それからはただ、一方的な暴力に翻弄されるがままだった。防護服を着ていても銃撃で感じる痛みに呻き声が漏れても、決して薬の秘密は明かさずホラを吹く。例えば『蛇になった』とか、『実は体がパイプより細い』とか。私の適当な出まかせにジンがイラつき、銃で全身を撃たれ続ける。まるで癇癪を起こした子供のよう……。久々に会えば自分の思い通りにならず、態度が変わってしまった私に戸惑っている。屈服させたくて、苦痛に喘がせたくて堪らないのでしょう?そりゃあそうよね、姉を人質に自分達に怯え続ける私を見て愉快な気分でいたのに、今では脱走を見逃して貴方達の組織での立場が無いし……。


そんな奴らの内情を想像しては気持ち悪かった、組織に密接だったせいでサイコパス心理を理解出来る自分にも虫唾が走った。だから貴方達が逮捕される日が、私とお姉ちゃんから家族が揃う些細な幸せを奪った恨みを晴らす日が待ち遠しい……。私は両親の肉声も温もりも覚えていない、だからお姉ちゃんが組織から隠し続けた母の私達への優しさが籠ったメッセージは宝物だった……。
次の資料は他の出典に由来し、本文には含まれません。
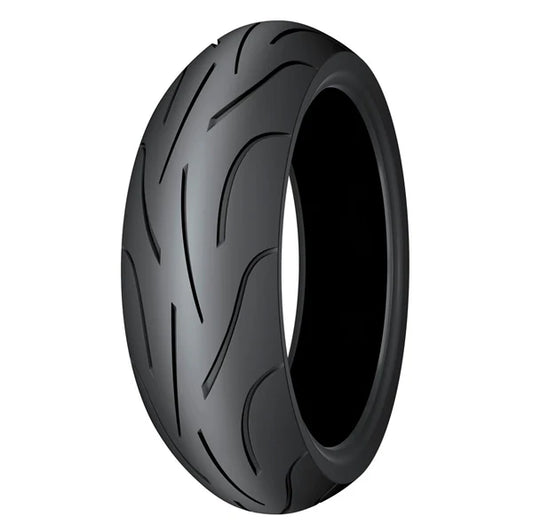 Pneu Michelin Pilot Power 2CT 150/60/ZR17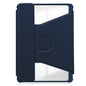 For small new pad2024 11 inch Bluetooth keyboard leather case Lenovo Tab M11 acrylic case with pen slot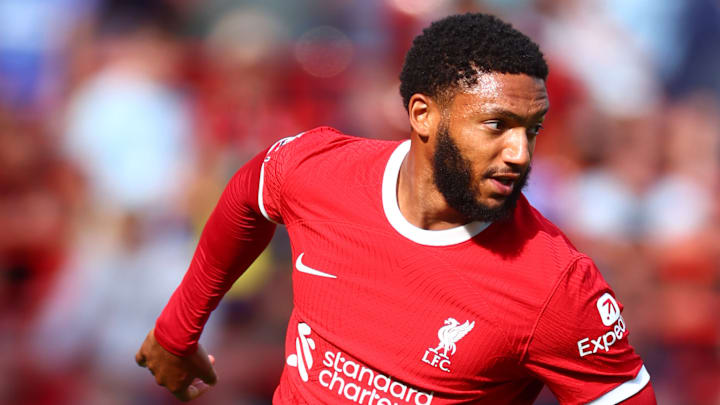 Liverpool FC v AFC Bournemouth - Premier League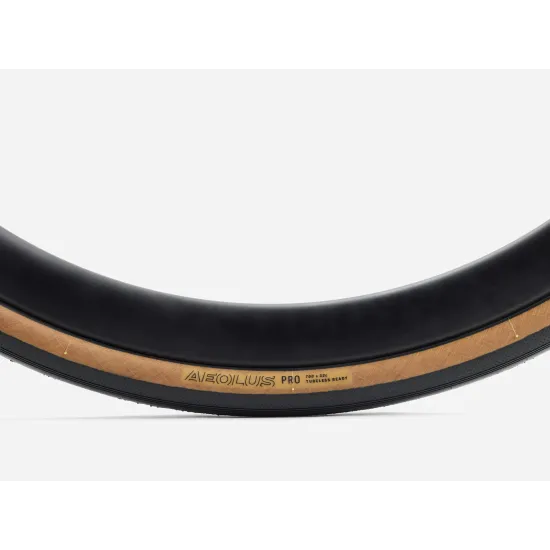 Bontrager Aeolus Pro TLR külső gumi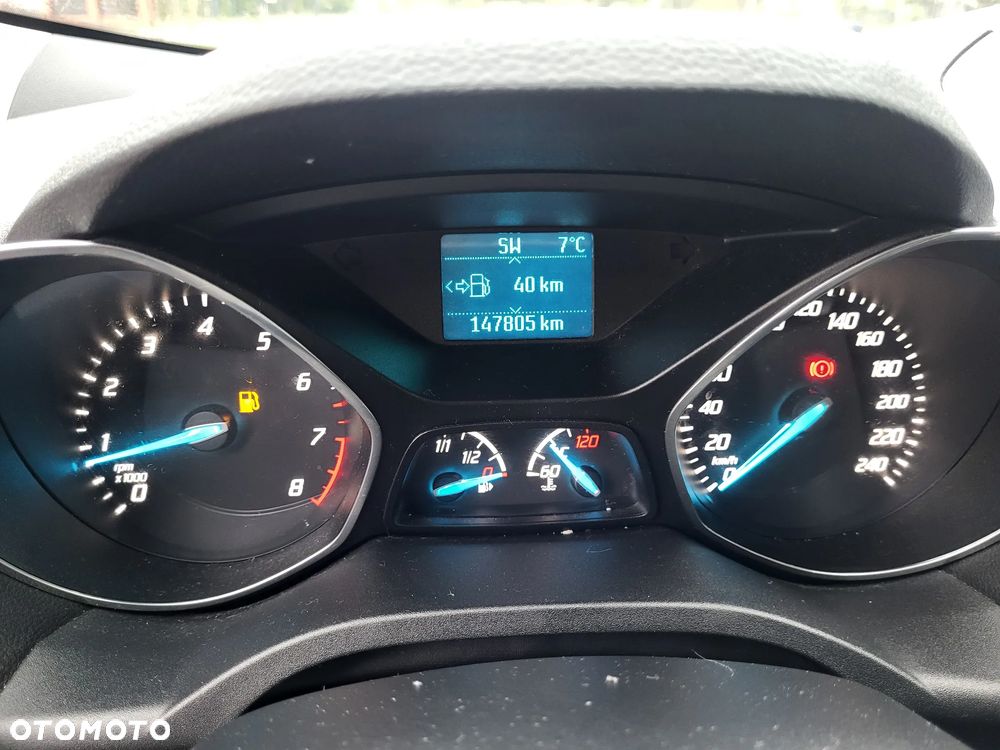 Ford Kuga 1.5 EcoBoost FWD Titanium Plus ASS - 14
コイツらは両親が研究施設の爆発に巻き込まれた事件を、事故だって伝えて来たけれど絶対に真相は違う!!証拠は何一つ残っていないだろうけれど……。




ウォッカ「兄貴……この女、吐きませんぜ……」

ジン「仕方ない、送ってやるか……」




先に逝かせてやった、姉の元へ。そう言って嘲笑うジンはお姉ちゃんの死亡を微塵も疑っていない、降谷さん達に感謝しかないし、安心した。力なく雪で覆われた地面に血塗れで倒れ伏し、瀕死で精一杯の強がりに見える様にフッと口角を上げて笑った。




灰原「ハァ……ハァ……地獄へ堕ちろ、サイコパス野郎ッ!!」

ジン「あばよ、シェリー」




ジンの拳銃に掛けられた指が引き金を引こうしたその瞬間、私の背後……別ビルの屋上から二発の狙撃。一つは拳銃を持ったジンの腕を撃ち、もう一つはジン達を私から引き離す為に奴らの足元を狙っていた。ジン達は困惑しながら周辺を見渡し、「どこから撃ってやがる!!」と怪しい人影を探そうとするが、当然ながら現在は夜で姿が見えずらい真っ暗な建物を選んでいる。潜入中もスナイパーとしてネームドになった、諸伏刑事からの煙突への逃走の合図だ。合わせてジン達の背後の門扉が不意にドンドン、ドンドンと乱暴に叩く音がする。